I have this written on the board:
“We want to see if figurate numbers are making sense to you. Grab the mild and medium figure numbers sheet and grab a random step number from the step number bin. Write about how many dots there would be for that step.”
Students get started and analyze the square and triangular step number that they chose. I circulate and see what their approach is. If a student is struggling I offer them a lower step number. The idea is that every student needs to be ready for this challenge eventually, but if they need more time or support, then I will give that to them. In my class, I believe that every student should get what they need to succeed. For students who are done with the activity early (I give them about 10 minutes), they can start the spicy problem (the pentagonal numbers).
I collect their work and review it for the following lesson. It is a type of formative assessment. It tells me who is ready to work on the final figurate number problem of this series (the hexagonal numbers).
“Today everyone is going to have a change to work on a spicy number pattern. You can work on it on paper, model it with shapes or build a sculpture. The goal is to analyze this pattern in any way you can.
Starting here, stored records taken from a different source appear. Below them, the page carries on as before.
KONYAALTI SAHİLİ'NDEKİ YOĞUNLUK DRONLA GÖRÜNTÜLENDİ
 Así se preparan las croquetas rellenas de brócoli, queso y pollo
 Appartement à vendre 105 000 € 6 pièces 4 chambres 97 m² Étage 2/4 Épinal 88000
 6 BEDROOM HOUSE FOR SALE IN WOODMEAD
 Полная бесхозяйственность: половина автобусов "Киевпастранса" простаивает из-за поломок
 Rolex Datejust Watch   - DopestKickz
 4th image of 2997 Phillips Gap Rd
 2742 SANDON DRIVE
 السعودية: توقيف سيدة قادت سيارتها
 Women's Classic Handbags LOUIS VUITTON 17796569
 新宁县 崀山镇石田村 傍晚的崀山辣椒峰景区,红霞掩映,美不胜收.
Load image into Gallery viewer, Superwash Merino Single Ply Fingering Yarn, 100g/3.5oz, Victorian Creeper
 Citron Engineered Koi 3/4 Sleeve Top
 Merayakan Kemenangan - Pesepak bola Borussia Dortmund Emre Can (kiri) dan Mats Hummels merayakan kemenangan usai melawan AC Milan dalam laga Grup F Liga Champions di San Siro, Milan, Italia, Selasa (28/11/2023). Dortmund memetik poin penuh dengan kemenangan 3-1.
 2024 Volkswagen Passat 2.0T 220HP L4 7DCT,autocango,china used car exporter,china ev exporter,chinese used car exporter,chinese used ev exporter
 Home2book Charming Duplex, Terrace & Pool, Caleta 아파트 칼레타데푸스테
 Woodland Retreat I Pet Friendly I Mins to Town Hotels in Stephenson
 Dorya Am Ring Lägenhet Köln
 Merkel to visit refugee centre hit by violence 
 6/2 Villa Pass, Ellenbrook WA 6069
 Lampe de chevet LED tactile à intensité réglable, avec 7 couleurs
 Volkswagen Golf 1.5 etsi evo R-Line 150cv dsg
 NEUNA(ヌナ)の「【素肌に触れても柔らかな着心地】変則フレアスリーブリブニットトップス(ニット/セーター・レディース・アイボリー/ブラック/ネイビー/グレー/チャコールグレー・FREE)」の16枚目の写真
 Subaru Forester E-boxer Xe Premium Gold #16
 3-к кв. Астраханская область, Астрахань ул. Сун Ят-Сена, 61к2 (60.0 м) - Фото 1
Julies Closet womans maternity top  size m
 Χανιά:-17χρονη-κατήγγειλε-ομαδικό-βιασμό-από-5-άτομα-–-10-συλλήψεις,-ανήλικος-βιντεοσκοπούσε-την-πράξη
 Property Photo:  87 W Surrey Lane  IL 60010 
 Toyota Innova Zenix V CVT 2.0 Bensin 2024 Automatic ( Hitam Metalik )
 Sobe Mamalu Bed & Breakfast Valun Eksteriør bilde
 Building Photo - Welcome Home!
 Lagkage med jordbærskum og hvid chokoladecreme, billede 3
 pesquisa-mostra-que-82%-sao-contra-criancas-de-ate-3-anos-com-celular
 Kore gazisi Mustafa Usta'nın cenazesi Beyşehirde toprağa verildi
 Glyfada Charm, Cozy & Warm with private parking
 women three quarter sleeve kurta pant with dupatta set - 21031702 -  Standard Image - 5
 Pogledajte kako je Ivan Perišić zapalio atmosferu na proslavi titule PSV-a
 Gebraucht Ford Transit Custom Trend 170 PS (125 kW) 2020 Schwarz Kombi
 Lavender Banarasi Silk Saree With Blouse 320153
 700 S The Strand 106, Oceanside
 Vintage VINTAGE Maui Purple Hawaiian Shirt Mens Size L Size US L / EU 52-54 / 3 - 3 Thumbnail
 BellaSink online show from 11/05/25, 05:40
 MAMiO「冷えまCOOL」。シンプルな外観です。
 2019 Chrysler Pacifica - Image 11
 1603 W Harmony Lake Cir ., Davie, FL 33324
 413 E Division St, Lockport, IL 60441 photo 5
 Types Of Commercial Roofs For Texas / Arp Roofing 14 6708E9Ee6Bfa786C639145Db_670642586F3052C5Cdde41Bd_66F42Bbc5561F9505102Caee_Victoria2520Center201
I encourage you to set up a table, graph and equation to help.” I always offer class challenges as part of our “spice rack” system. Mild is the easiest, Medium is in the middle and Spicy is extra difficult. Its important to have moments where students choose their challenge level and to have moments where everyone is encouraged to try the hardest type of challenge. The pentagonal numbers are particularly challenging. Not only is the function more complex, but the actual look of the shape requires students understand why they are considered pentagonal. This part of class is meant to give students that chance. I circulate and ask simple questions about the numbers. I might talk to students about the formulas they are creating around these numbers, but mostly I will check for basic reasoning. I want to make sure they have an efficient way of counting the dots in each figurate number (as opposed to counting each dot one at a time). I want to make sure they can explain why these are called pentagonal (this is tough on every step accept the second, which has 5 dots.) If students are ready to move past the basic questions (in most classes only a few are ready) then I remind them to sort their data into a table and graph. They need to figure out if this pattern is linear and they need to look at first and second differences (second difference/2 = coefficient of x^2 term).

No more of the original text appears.